The FMA has seen a steady increase in complaints about a variety of scams since the beginning of March. The most reported scam was a cryptocurrency campaign on social media using fake news articles and false celebrity endorsements to promote Bitcoin investments.

The regulators’ campaign includes tips on how to spot scams and what to do if you or a loved one have been directly affected by one.

FMA Director of Regulation Liam Mason said although scammers don’t discriminate, targeting Kiwis of all ethnicities, there are certain scams that have been aimed specifically towards Pacific communities.

“We saw the OneCoin pyramid scheme proliferate through Pacific social and community groups. Last year the FMA also reiterated its warning that Skyway Group (or SWIG) may be involved in a scam and was targeting Pacific groups.”
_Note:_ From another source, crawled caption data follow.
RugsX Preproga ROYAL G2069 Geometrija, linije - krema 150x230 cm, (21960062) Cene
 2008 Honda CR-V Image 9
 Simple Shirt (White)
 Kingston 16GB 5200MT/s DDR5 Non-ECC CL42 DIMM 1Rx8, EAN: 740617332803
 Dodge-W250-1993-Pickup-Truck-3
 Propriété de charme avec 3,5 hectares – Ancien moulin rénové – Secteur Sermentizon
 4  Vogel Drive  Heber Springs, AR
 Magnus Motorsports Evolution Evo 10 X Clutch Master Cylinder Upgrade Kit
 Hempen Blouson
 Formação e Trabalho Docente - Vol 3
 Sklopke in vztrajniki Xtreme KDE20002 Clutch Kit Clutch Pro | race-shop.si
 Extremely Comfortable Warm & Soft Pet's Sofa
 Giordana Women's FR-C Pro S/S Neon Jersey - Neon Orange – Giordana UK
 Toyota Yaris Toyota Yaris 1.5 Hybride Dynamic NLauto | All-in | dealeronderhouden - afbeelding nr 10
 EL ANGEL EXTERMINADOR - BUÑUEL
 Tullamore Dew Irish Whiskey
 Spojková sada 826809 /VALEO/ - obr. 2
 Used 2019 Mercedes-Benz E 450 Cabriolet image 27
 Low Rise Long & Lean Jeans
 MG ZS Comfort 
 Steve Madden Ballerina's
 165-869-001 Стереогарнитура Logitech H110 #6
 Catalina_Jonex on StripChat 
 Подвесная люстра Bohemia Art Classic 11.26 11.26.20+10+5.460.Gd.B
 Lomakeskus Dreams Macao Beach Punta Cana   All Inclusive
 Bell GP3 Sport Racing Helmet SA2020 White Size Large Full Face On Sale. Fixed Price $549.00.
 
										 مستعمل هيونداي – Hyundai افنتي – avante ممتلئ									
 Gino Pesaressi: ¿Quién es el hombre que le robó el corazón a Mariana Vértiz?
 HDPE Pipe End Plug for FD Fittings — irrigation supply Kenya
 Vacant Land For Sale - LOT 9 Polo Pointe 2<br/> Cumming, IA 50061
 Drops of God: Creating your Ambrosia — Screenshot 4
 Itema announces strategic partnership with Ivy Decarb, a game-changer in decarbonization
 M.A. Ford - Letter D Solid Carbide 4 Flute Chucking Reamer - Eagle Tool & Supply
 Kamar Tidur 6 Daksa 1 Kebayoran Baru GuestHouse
Investment scams fall under the remit of the FMA, while pyramid schemes are prohibited by the Fair Trading Act, which is enforced by the Commerce Commission.

Commerce Commission Associate Commissioner Joseph Liava’a said: “Our advice is pretty simple: don’t just trust, check it out. Even if someone you love and trust tells you a money-making scheme is OK, don’t just trust. There are lots of resources you can use for simple research, like Netsafe and the Scamwatch website.”

The campaign includes radio ads featuring Mr Liava’a, as well as bilingual webpages and resources. The ads will play on popular Pacific radio stations and supporting resources will be in Samoan and Tongan, the two most widely spoken Pacific languages in New Zealand.

The key overarching message for anyone thinking about investing money is to do your own research into the person or company offering the investment.

“At the very least, check if they are on the online Financial Services Providers Register, which by law they should be,” says Mason. “Or check if they’re named on the FMA’s Warnings webpage.”

Mr Mason encourages prospective investors to visit the FMA’s dedicated investment scams webpages, or the Commerce Commission’s page on pyramid schemes.